Les négociants et exploitants attribuent cette situation à la raréfaction progressive du minerai sur les zones de production ainsi qu’aux évolutions du marché international du diamant.
« Avant, avec 1 000 USD le carat, on pouvait vivre décemment. Aujourd’hui, à 200 USD, il devient difficile de couvrir même les frais d’exploitation. Le diamant se fait rare et le prix a fortement chuté », a déclaré Dani Ilunga, négociant à Tshikapa.
Selon lui, l’essor de la production de diamants synthétiques constitue également un facteur majeur de cette baisse.
« Les Chinois commencent déjà à fabriquer le diamant en laboratoire. Ce diamant de synthèse inonde le marché mondial et tire les prix vers le bas. C’est l’une des causes principales de la baisse que nous subissons ici », a-t-il expliqué.

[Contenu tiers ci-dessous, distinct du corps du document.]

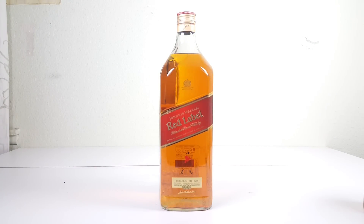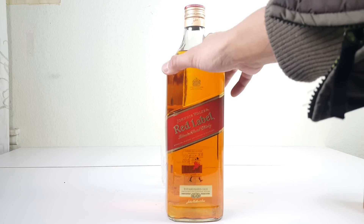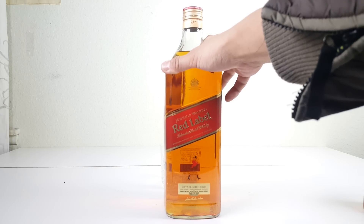Today we have Red Label. This is 1.75 liter, 40 volume, 80 proof.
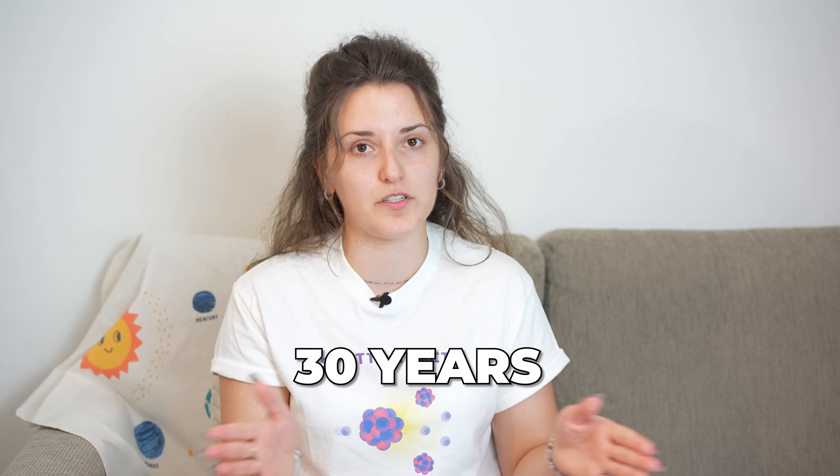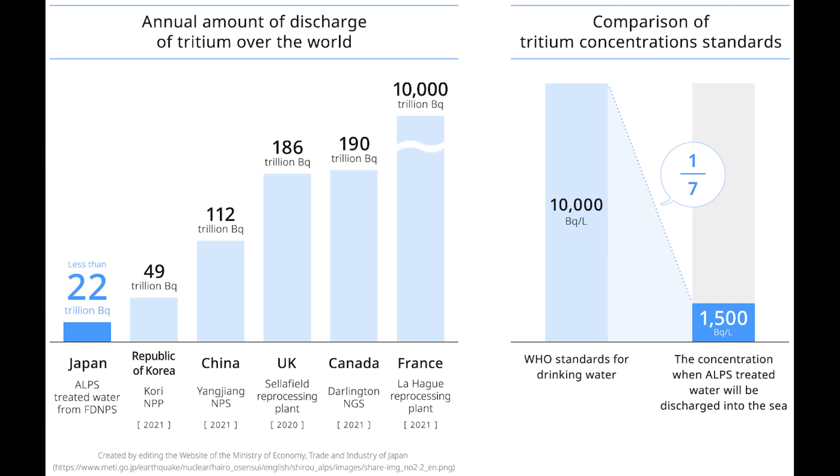Another important thing to mention is that the release from the Japanese power plant will happen over a time span of 30 years. By diluting the tritium in the treated water and releasing it gradually into the ocean, no noticeable increase in tritium — hence radioactivity — will be detected anywhere, since the ocean is such a huge body of water that this amount will not have a serious health effect on humans or animals on site or around the world. Putting that into perspective, the total amount of radioactivity released from this tritium over the 30-year span will be approximately 50 times less than what China is releasing annually, and orders of magnitude less than what France and other countries worldwide are releasing into the ocean every year.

Cette dégringolade des prix affecte directement les revenus des creuseurs artisanaux, des négociants et de nombreux ménages dont les activités dépendent de la filière diamantifère, pilier économique de plusieurs territoires du Kasaï.
Face à cette situation, les professionnels du secteur appellent les autorités compétentes à renforcer la régulation du marché, à lutter contre la fraude et à mettre en place des mécanismes susceptibles de stabiliser les cours afin de préserver les revenus des acteurs de la chaîne de valeur du diamant.